- PROBLEM
Would you transcribe the entries below, beginning at the line with "Чехол Awog на" and ending after the line with "Front cover_The Spider Heist", exactly, with no picture and nothing more?

- DATA FOR THE TASK
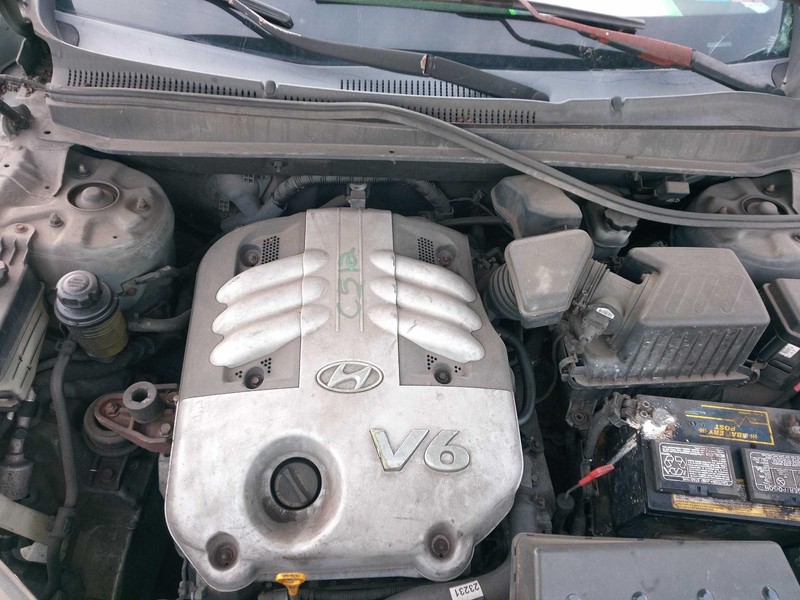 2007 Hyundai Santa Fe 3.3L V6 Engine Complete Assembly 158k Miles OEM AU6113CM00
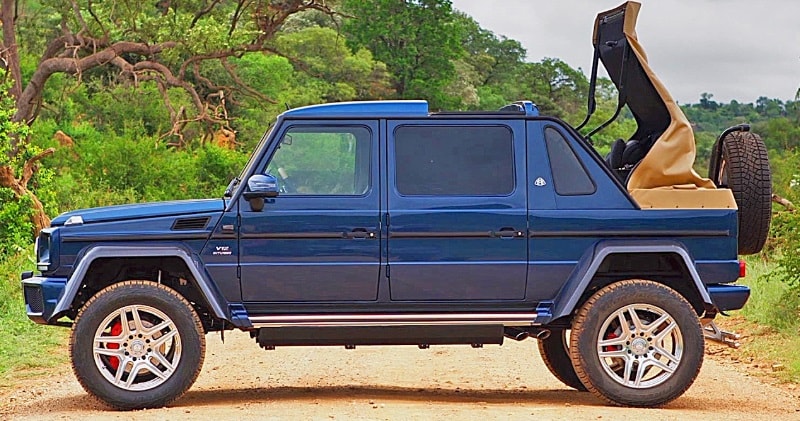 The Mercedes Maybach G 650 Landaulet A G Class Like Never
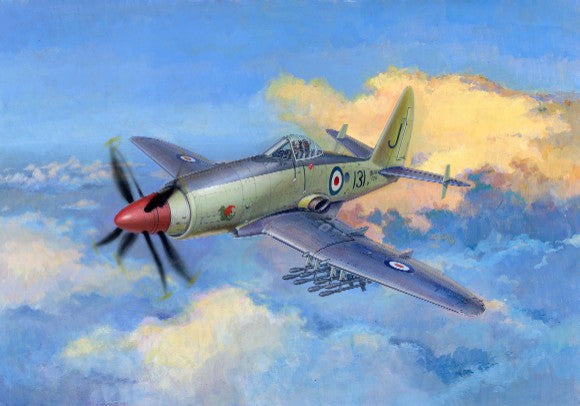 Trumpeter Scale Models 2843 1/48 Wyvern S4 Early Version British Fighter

==

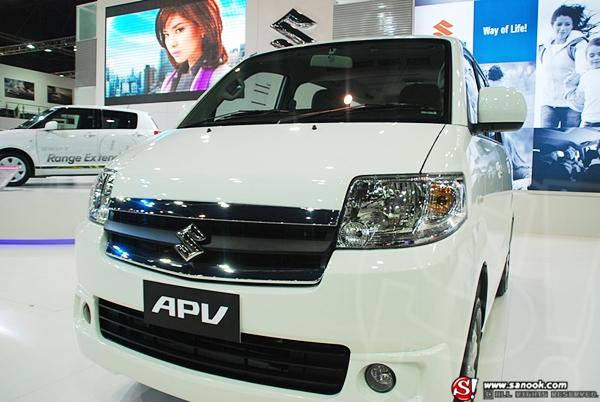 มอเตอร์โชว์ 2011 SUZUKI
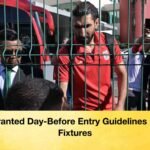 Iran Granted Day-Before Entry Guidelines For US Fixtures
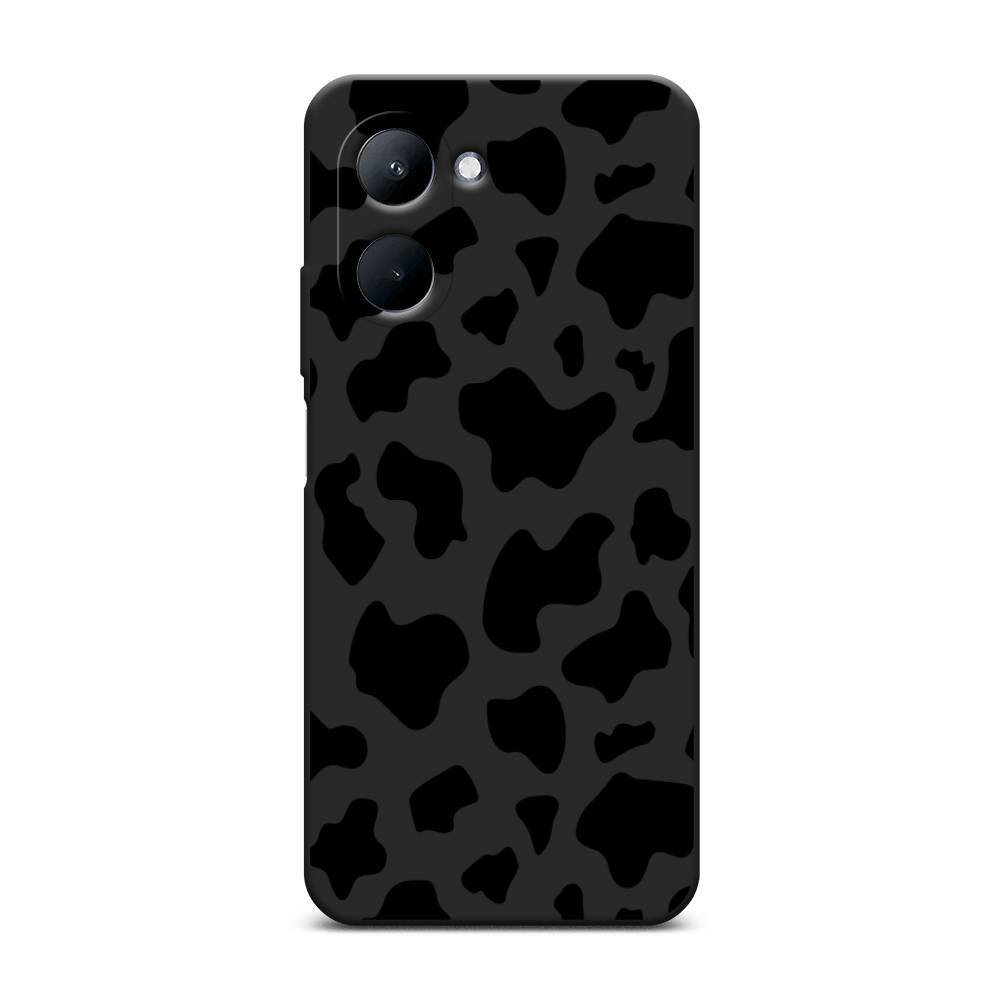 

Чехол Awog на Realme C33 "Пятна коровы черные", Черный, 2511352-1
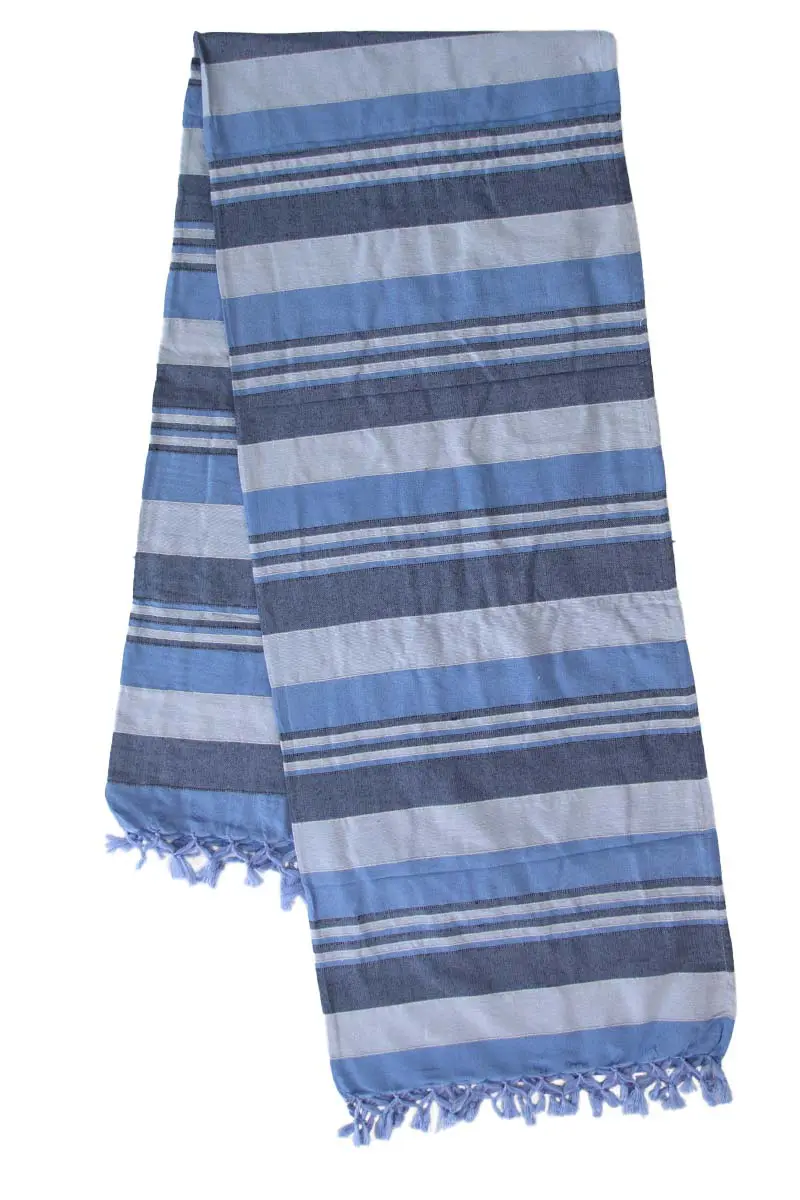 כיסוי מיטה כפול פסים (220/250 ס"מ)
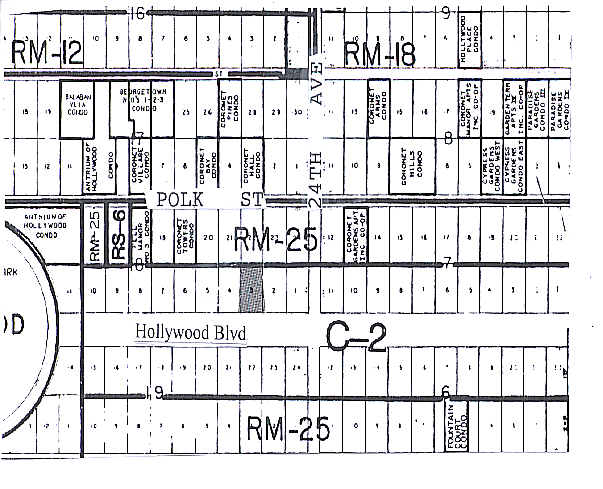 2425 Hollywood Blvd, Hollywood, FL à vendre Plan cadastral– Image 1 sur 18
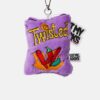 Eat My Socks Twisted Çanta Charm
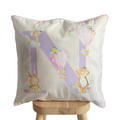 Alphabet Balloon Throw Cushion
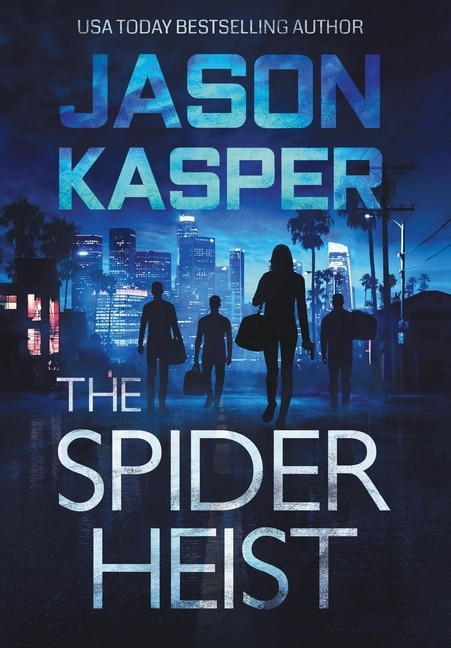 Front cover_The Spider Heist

- RESULT OF THE TASK
Чехол Awog на Realme C33 "Пятна коровы черные", Черный, 2511352-1
 כיסוי מיטה כפול פסים (220/250 ס"מ)
 2425 Hollywood Blvd, Hollywood, FL à vendre Plan cadastral– Image 1 sur 18
 Eat My Socks Twisted Çanta Charm
 Alphabet Balloon Throw Cushion
 Front cover_The Spider Heist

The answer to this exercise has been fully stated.